> **Work task**: Only one stretch of the data is wanted: the line containing "Авария в центре Пензы спровоцировала пробку", the line containing "FUR MOUSE TOY FEATHER", and every line between them, copied exactly.
### Source material ###
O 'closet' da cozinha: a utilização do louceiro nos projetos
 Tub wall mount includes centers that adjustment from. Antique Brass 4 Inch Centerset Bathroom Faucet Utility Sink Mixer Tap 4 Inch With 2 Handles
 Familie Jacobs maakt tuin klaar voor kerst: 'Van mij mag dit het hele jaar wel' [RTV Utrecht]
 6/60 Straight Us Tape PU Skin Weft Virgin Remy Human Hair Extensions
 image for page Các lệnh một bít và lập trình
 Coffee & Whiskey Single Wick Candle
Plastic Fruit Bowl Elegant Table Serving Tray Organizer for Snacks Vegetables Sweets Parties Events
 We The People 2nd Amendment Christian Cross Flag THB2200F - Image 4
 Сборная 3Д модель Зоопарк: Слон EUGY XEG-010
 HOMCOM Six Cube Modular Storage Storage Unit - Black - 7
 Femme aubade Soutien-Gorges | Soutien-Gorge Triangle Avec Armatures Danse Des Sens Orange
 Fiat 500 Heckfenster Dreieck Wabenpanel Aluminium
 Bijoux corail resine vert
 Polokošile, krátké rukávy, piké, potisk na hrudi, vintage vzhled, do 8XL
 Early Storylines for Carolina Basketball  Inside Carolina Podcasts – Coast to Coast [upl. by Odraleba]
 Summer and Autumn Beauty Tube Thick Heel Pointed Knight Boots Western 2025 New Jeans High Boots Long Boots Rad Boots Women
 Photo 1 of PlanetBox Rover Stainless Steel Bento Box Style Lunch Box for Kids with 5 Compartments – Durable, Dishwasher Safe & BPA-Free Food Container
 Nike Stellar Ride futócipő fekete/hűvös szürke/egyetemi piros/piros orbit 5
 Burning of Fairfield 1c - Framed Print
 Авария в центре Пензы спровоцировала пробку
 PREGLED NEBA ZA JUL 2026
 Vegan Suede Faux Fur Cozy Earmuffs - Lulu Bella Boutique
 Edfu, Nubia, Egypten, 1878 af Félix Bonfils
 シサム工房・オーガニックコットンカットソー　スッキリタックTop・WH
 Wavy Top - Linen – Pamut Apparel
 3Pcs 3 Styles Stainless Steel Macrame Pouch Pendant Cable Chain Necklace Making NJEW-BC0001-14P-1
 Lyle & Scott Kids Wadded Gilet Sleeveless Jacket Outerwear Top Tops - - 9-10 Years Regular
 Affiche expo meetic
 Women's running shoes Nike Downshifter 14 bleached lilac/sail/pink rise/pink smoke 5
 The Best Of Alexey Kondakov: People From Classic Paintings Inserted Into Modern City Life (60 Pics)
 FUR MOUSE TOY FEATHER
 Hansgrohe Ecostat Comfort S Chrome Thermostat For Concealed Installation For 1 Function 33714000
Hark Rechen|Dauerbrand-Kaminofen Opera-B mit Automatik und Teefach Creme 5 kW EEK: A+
###
> **Answer for the task**:
 Авария в центре Пензы спровоцировала пробку
 PREGLED NEBA ZA JUL 2026
 Vegan Suede Faux Fur Cozy Earmuffs - Lulu Bella Boutique
 Edfu, Nubia, Egypten, 1878 af Félix Bonfils
 シサム工房・オーガニックコットンカットソー　スッキリタックTop・WH
 Wavy Top - Linen – Pamut Apparel
 3Pcs 3 Styles Stainless Steel Macrame Pouch Pendant Cable Chain Necklace Making NJEW-BC0001-14P-1
 Lyle & Scott Kids Wadded Gilet Sleeveless Jacket Outerwear Top Tops - - 9-10 Years Regular
 Affiche expo meetic
 Women's running shoes Nike Downshifter 14 bleached lilac/sail/pink rise/pink smoke 5
 The Best Of Alexey Kondakov: People From Classic Paintings Inserted Into Modern City Life (60 Pics)
 FUR MOUSE TOY FEATHER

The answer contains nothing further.